ST. LOUIS — Gov. Mike Parson said on Thursday that he would send the Missouri Highway Patrol to help police the city in the wake of an especially bloody summer here, but would not commit to gun control measures, despite pleas from city leaders and clergy.
Parson met with Mayor Lyda Krewson and almost two dozen religious leaders from across the state on Thursday morning at the Wainwright State Office Building downtown. The leaders urged Parson to act aggressively against the spate of violence in the city.
Parson promised to find funding — likely in the “million-dollar bracket” — for social programs that address gun violence, but left gun control measures in the hands of the Legislature.
“I’ve got to be careful to stay in my lane,” he said.

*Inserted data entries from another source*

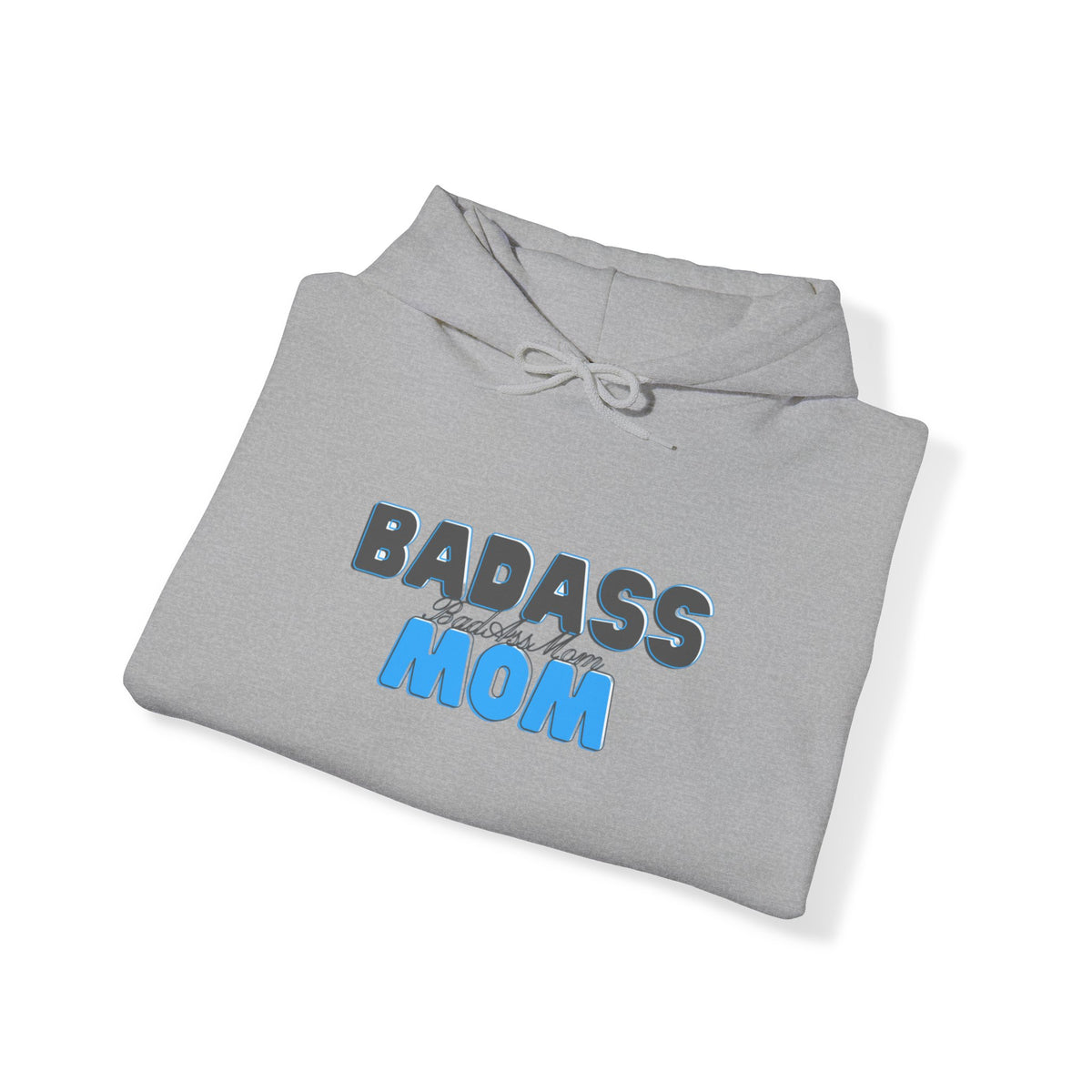 BadAss Mom Heavy Blend™ Hooded Sweatshirt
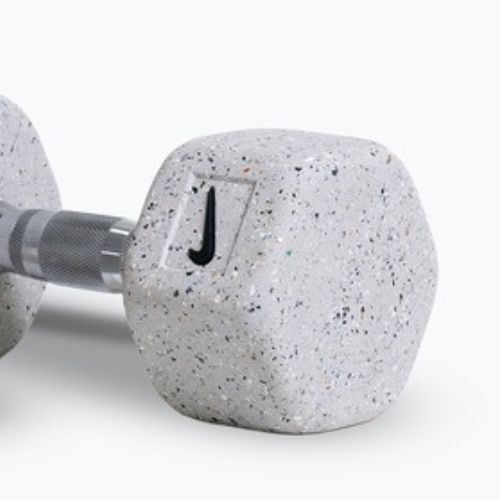 Гантелі Nike Strength Grind Hex Dumbbell 2 x 10 кг wolf grey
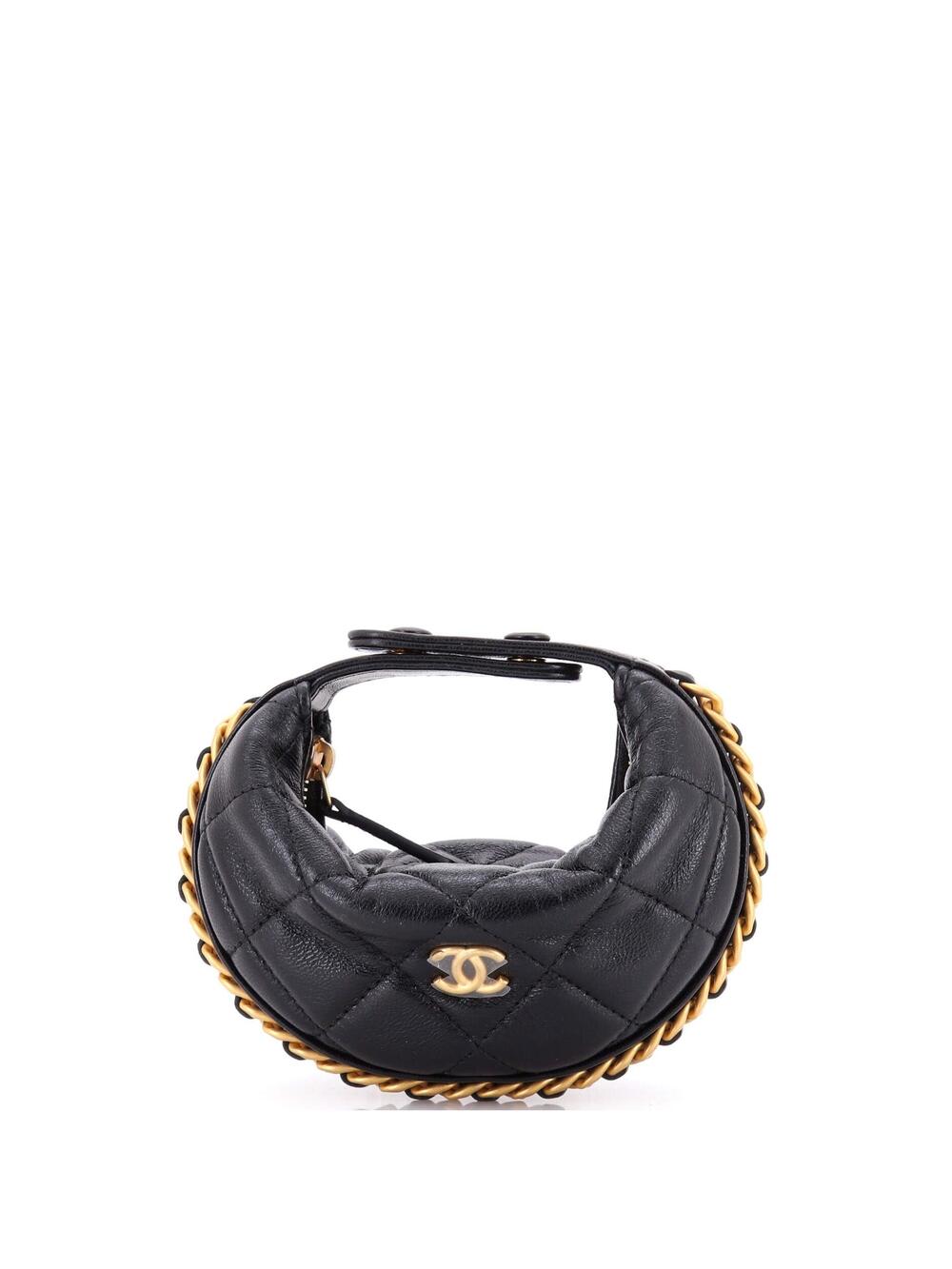 Chanel Chain Around Hobo Pouch Quilted #370907C43B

Clergy said after the meeting that they were heartened to hear Parson express support for such social programs, but disappointed he refused to advocate for gun control.
“We asked the governor to be a champion for our community around the issue of common-sense gun laws,” the Rev. Darryl Gray said. “We didn’t get a commitment from the governor today to be that champion.”
It’s been a violent year in St. Louis, with 138 murders — almost two dozen more than this time last year — including 12 victims ages 17 and under. The vast majority of victims have been killed by guns.
“Right now we’re all concerned,” Parson said after the meeting. “It’s unfortunate that all these children have been shot and killed and we’re now dealing with it after that. But this has been a long time in the making, and we’ve got to figure out solutions.”
Parson, Krewson and Gray described multiple ways the state could help:
The city has asked for Highway Patrol help on interstates 44, 64, 55 and 70. City Public Safety Director Jimmie Edwards said he’s looking for the arrival of state troopers “as soon as possible,” but couldn’t be more precise.
Parson agreed to look for state funding for added law enforcement tools such as the ShotSpotter system — a gunshot detection sensor — and security cameras, Gray said. Clergy are interested in creating “safe zones” in churches so people have a place to go to avoid violence.
Religious leaders are also hopeful that state funding will be found for a crime prevention program like Cure Violence.
Gray said they are “cautiously optimistic” that state funding could be found for job creation, which Gray believes would eventually decrease gun violence.
“We are pleased with his acknowledgement that the death of black children in St. Louis and Kansas City is not just a black community problem, that it’s a Missouri problem,” Gray said.
Krewson said she’d like to see permits required for firearms in the city of St. Louis, but she’d need help from the state to get that passed into law. In January 2017 Missouri became the first state to allow open and concealed carry of weapons without a permit.
“I don’t consider it a big ask,” Krewson said. “The governor and I have talked about it many times.”
The Missouri Legislative Black Caucus called on Parson in late August to initiate a special legislative session to discuss gun control, but Parson declined to do so.
Parson has agreed to meet with clergy again in 30 days to discuss more specific solutions, Gray said. The governor has also said he would appoint a senior staff member to work out details, and hold a meeting with regional elected officials, Gray added.
“This is the beginning of a conversation,” Gray said. “Did we think we were going to get everything we asked for today? We’re not naive, so no, we didn’t think that.”